Currently, I'm involved in a research project in which we are evaluating an existing web environment providing a safe online playground for children/adolescents with intellectual disabilities. Certain areas of this web application require identification of the user to allow the content to be aligned with the user's capabilities and to prevent user impersonation. The current version is very outdated and uses a very weak username/password-like authentication mechanism, which boils more or less down to unsecured access (abuse has been detected in the past).
I think some kind of MFA, or MFA-based approach is recommended as a replacement for the username/password solution in place. It could be interesting to have an adult, for example, a parent (when used in a home setting) or a teacher (when used at school), confirm access to the online resources on behalf of the user when the user it not able to authenticate for whatever possible reason.
Because some of the users have (very) limited intellectual capabilities, (more) complex mechanisms (like OTP, mobile authenticator, digipass, etc.) are not always suited. Also because of the age range of the target audience (ranging between 8 and 21), we cannot assume every user has access or is allowed to use a smartphone that could be used in the authentication flow. Under such circumstances, parental approval might be a valid alternative solution.
Many possible approaches probably exist to implement such authentication and authorisation solution. Please feel free to share any thoughts/ideas/suggestions to setup such solution.
Currently, a parent or teacher (guardian) registers a child/adolescent (user) via an online registration procedure. This procedure is email based and assigns a username for the user (based on the first name, last name and date of birth), a 3-letter password (limited to the first 10 characters of the alphabet) for the user and a free text guardian password. Using the website, the guardian uses the username/guardian password to add the user account to the local browser (cookie based). When a user want to authenticate, he/she selects his/her picture/avatar and enters the 3-letter password.

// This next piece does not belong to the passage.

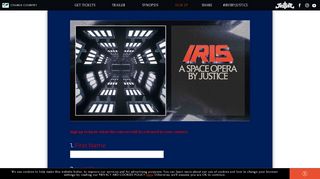 
                            6. IRIS: A Space Opera by Justice: Sign Up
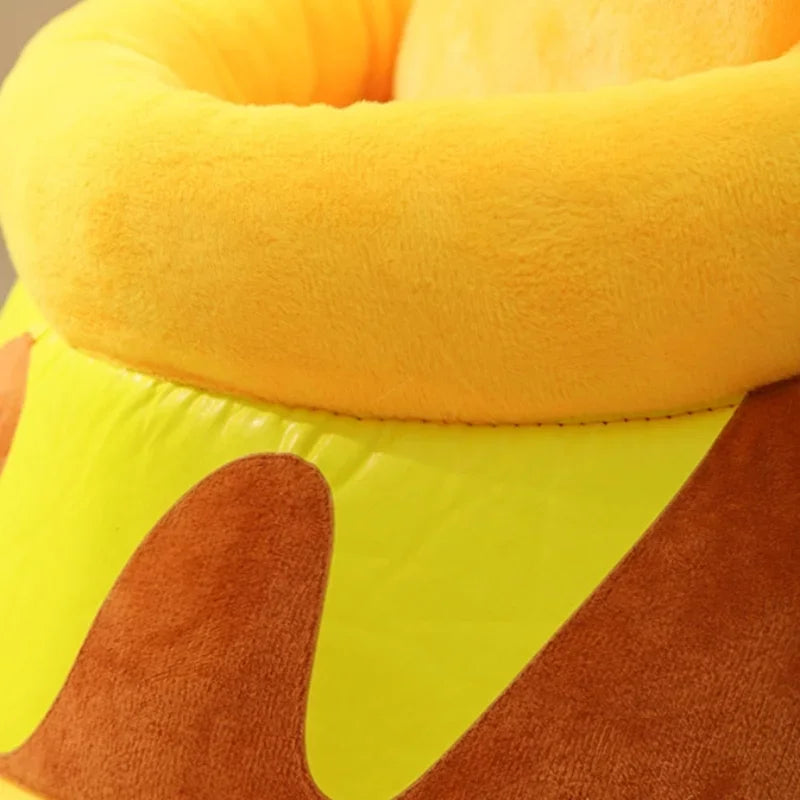 Katzenbett „Honey Pot“ – Plüschschlafsack Braun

My concerns about this approach are:
- Adding avatars using a browser cookie to ease future authentication with such a weak password makes authentication pointless.
- The very limited number of user password combinations possible with 3 characters out of of a set of 10 possibilities makes it very prone to attacks.
- I find the overall procedure somewhat confusing and not very guardian friendly.
I deliberately did not explicitly mention before that the current solution is a browser based platform to keep as many possibilities open as possible. Interviewing guardians and users, we noticed a more or less even distribution among the desire for web based solutions and native mobile solutions (the latter does not exist today).